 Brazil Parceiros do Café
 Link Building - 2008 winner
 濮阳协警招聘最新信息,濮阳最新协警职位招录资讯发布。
################
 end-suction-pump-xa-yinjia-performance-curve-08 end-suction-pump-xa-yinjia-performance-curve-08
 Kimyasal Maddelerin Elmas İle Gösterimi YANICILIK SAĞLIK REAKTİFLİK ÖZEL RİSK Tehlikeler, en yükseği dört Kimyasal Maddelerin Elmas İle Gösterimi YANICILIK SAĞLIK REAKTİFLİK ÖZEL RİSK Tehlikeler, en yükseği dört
################
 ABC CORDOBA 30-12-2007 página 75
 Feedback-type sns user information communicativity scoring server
################
INSTRUCTIONS FOR THE TASK: Give back, unchanged, the run of lines in the listing above that begins at the line containing "Brazil Parceiros do Café" and ends at the line containing "濮阳协警招聘最新信息,濮阳最新协警职位招录资讯发布。", both included.

ANSWER BOX:
 Brazil Parceiros do Café
 Link Building - 2008 winner
 濮阳协警招聘最新信息,濮阳最新协警职位招录资讯发布。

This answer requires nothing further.